McCulloch is alarmed
about the Treasury. Finds that Fessenden had neither knowledge nor accuracy;
that it would have been as well for the Department and the country had he been
in Maine, fishing, as to have been in the Treasury Department. His opinion of Chase's
financial abilities does not increase in respect as he becomes more conversant
with the finances. But McCulloch, while a business man, and vastly superior to
either of his two immediate predecessors, or both of them, in that respect, has
unfortunately no political experience and is deficient in knowledge of men.
In some exhibits
yesterday, it was shown that the military had had under pay during the year
about one million men daily. Over seven hundred thousand have been paid off and
discharged. There are still over two hundred thousand men on the rolls under
pay. The estimates of Fessenden are exhausted, the loan is limited by law, and
McCulloch is alarmed. His nerves will, however, become stronger, and he can he
will - find ways to weather the storm. Stanton has little idea of economy,
although he parades the subject before the public. It is notorious that no
economy has yet penetrated the War Department. The troops have been reduced in
number, - men have been mustered out, - because from the cessation of
hostilities and the expiration of their terms they could not longer be
retained, but I have not yet seen any attempt to retrench expenses in the
quartermasters', commissary, or any other branch of the military service, -
certainly none in the War Department proper.
On Tuesday the 4th,
I went with Mrs.
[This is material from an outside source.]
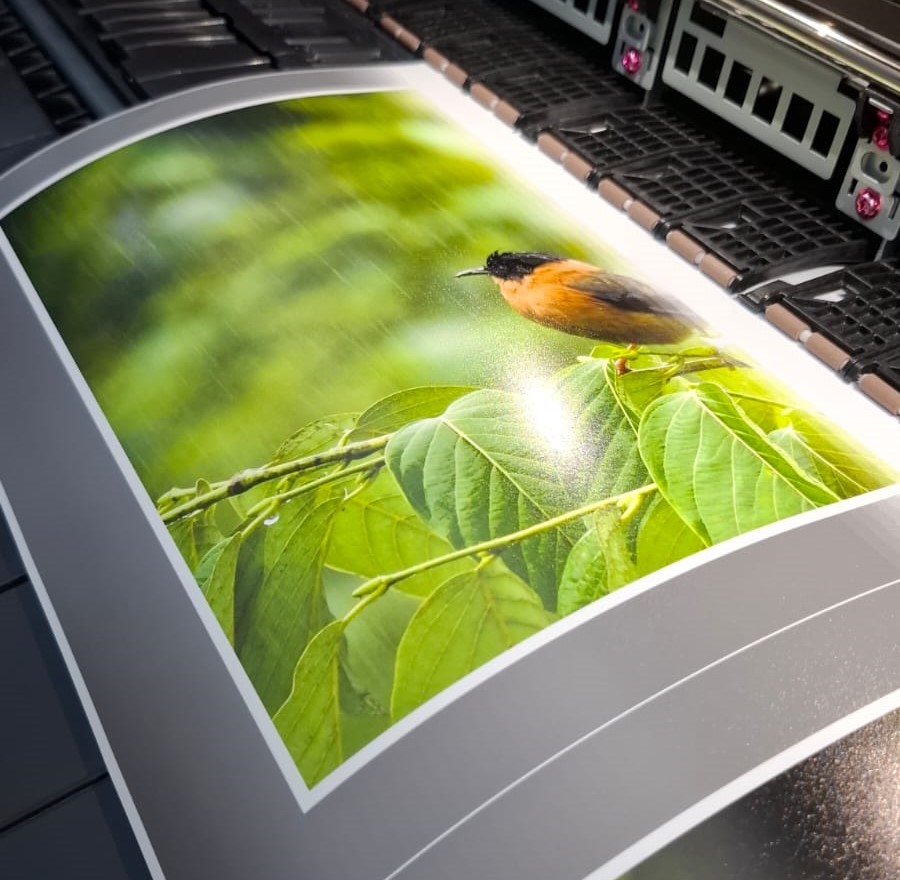 How to Get High-Quality Matte Photo Prints in Kolkata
Welles and Mrs. Bigelow, wife of John B., our minister to
France, to Silver Spring, a pleasant drive. The Blairs, as usual, were
hospitable and interesting. They do not admire Louis Napoleon and want his
troops should be expelled from Mexico. Mrs. B. is joyous, pleasant, and happy,
and it is evident her husband wished her to see and get something of the views
of the Blairs, but, while intelligent and charming, she is not profound on
matters of State, and was a little disconcerted at the plain, blunt remarks of
the elder Mr. and Mrs. Blair. She has, however, a woman's instincts.
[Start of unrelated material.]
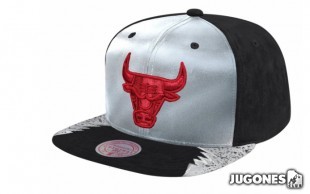 Gorra Snapback NBA Day 5 Chicago Bulls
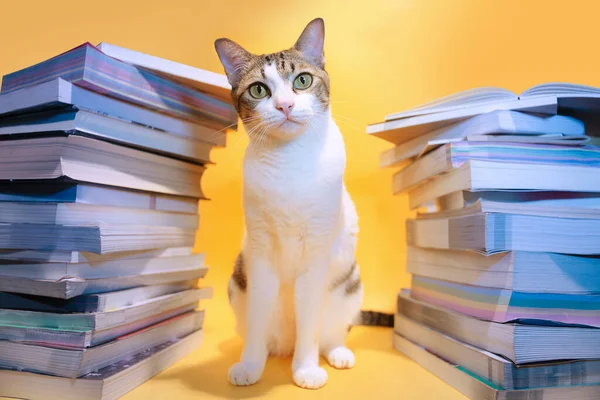 tabby cat hiding in a pile of books.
Wrote Gilpin, District Attorney at Philadelphia, in answer to his private letter as to prosecution for frauds in Philadelphia Navy Yard.
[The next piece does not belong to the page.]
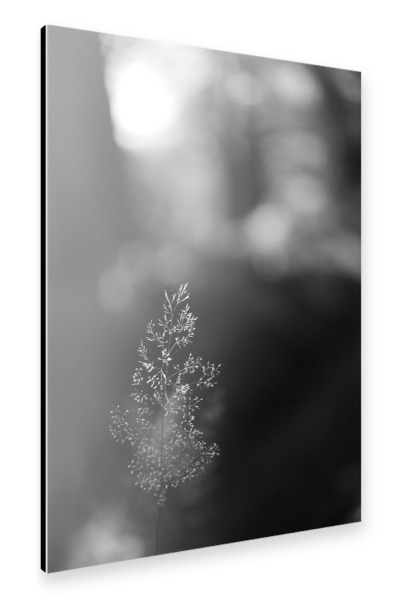 Alu-Dibond "Sommergräser" 30x20 cm artboxONE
The papers are publishing the details of the expedition to Wilmington, and disclosing some confidential circumstances which ought not to be made public. One of the Philadelphia editors says the facts were ascertained and given to the press by Osborn of New York, a prowling mercenary correspondent of the newspapers who buys blackmail where he can, and sells intelligence surreptitiously obtained. I wrote to the Secretary of War, giving him the facts for such action as he may be disposed to take. He informed Fox that he would arrest and try by court martial.
Intelligence of the death of Mr. Dayton, our Minister to France, creates some commotion among public men. The event was sudden and his loss will be felt. . . . I had a light and pleasant acquaintance with him when in the Senate some fifteen or eighteen years ago, and we had some correspondence and one or two interviews in the Frémont campaign in 1856, when he was pleased to compliment me, on comparing Connecticut and New Jersey, with having done much to place my own State in a right position. We met again in the spring of 1861. He was a dignified and gentlemanly representative, not a trained diplomat, and unfortunately not acquainted with the language of the French Court. A numerous progeny has arisen at once to succeed him. John Bigelow, consul at Paris, has been appointed Chargé, and I doubt if any other person will be selected who is more fit. Raymond of the Times wants it, but Bigelow is infinitely his superior.